▶ Problem to work on
Pictures in the data below are not part of the copy; transcribe everything else exactly.

▶ Dataset content
= = = = = = =
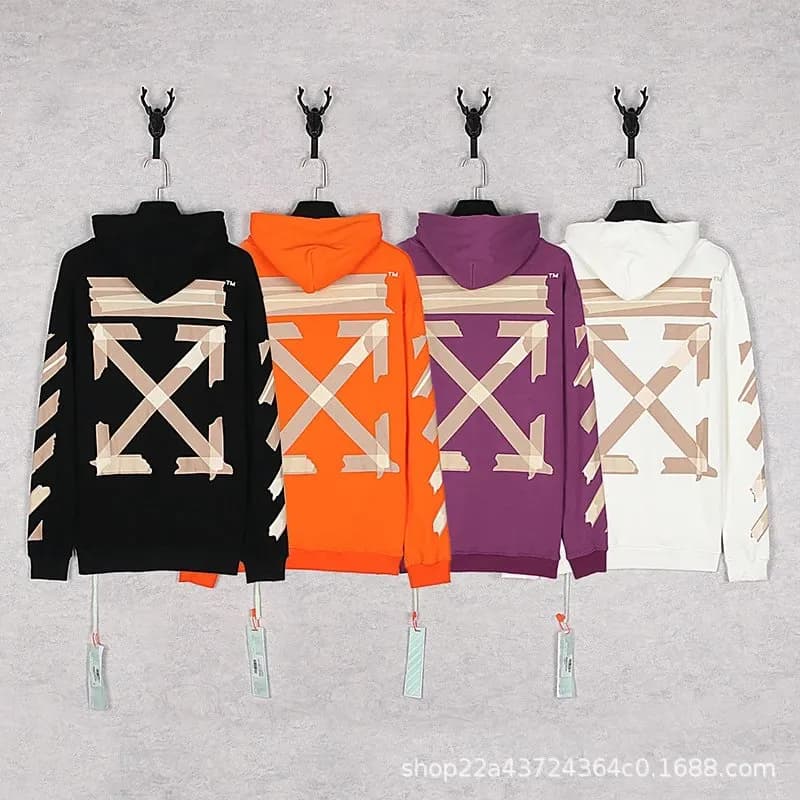 《OFF》panda store,the best and most affordable products (83) - JoyaGoo Spreadsheet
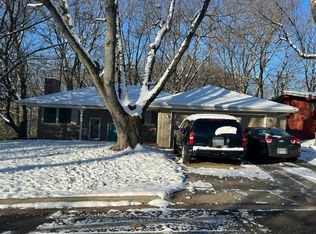 4619 N Missouri Ave, Peoria, IL 61614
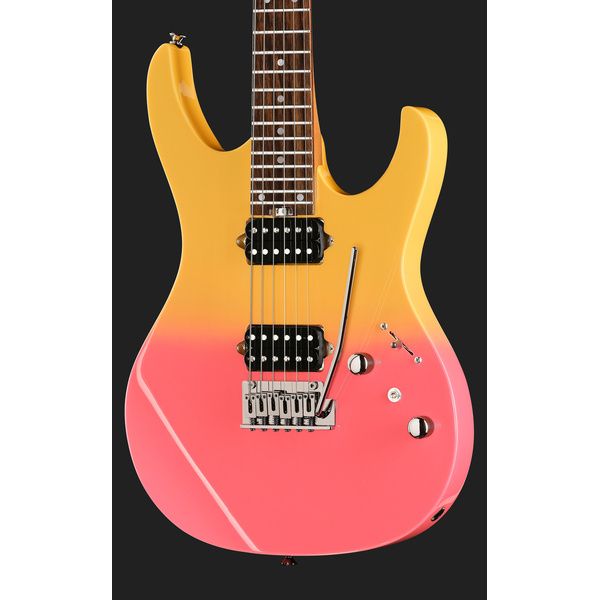 Mooer MMT50 Guitar Tremolo YPG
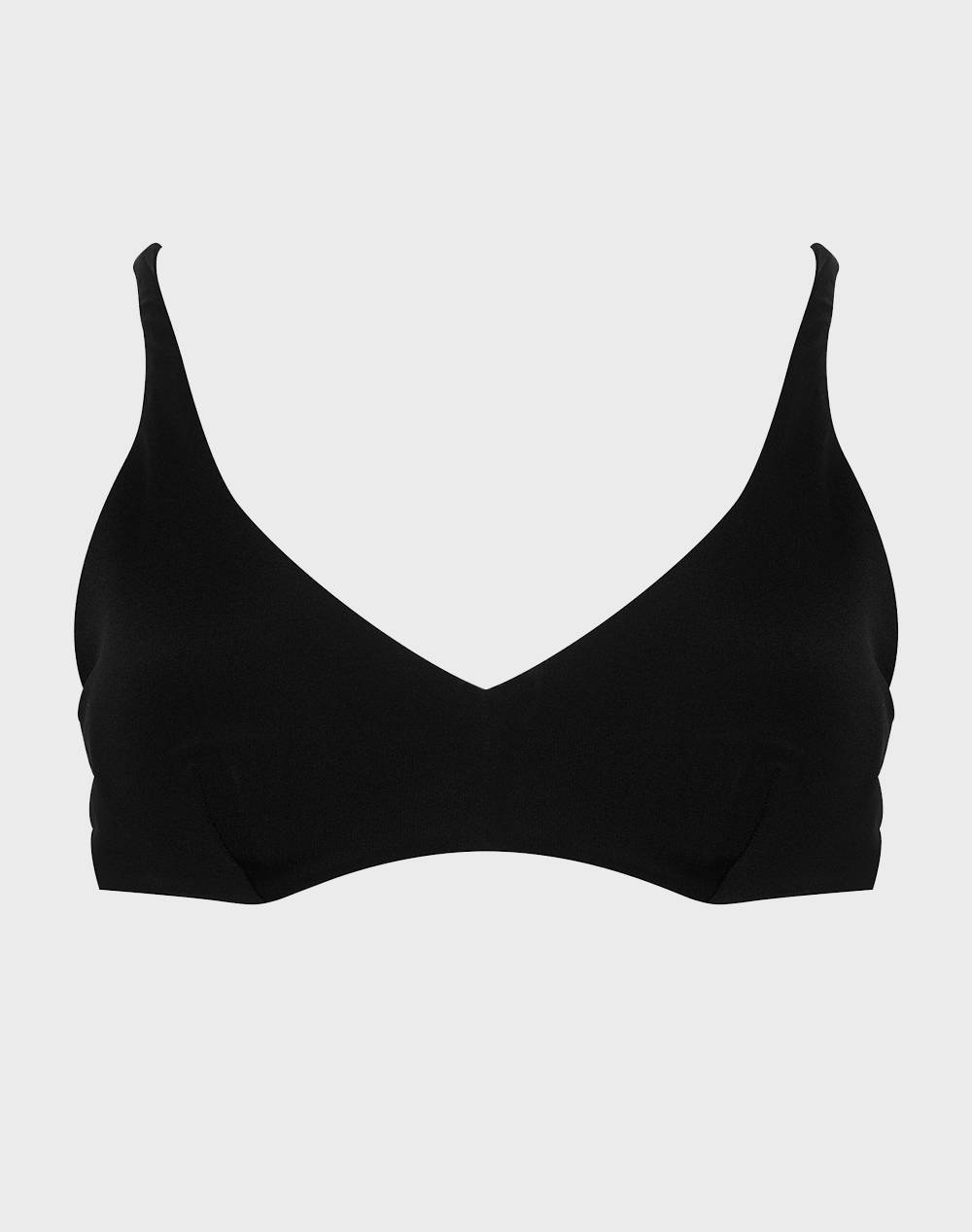 SUGARFREE SUTIEN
= = = = = = =
▶ Your solution
 《OFF》panda store,the best and most affordable products (83) - JoyaGoo Spreadsheet
 4619 N Missouri Ave, Peoria, IL 61614
 Mooer MMT50 Guitar Tremolo YPG
 SUGARFREE SUTIEN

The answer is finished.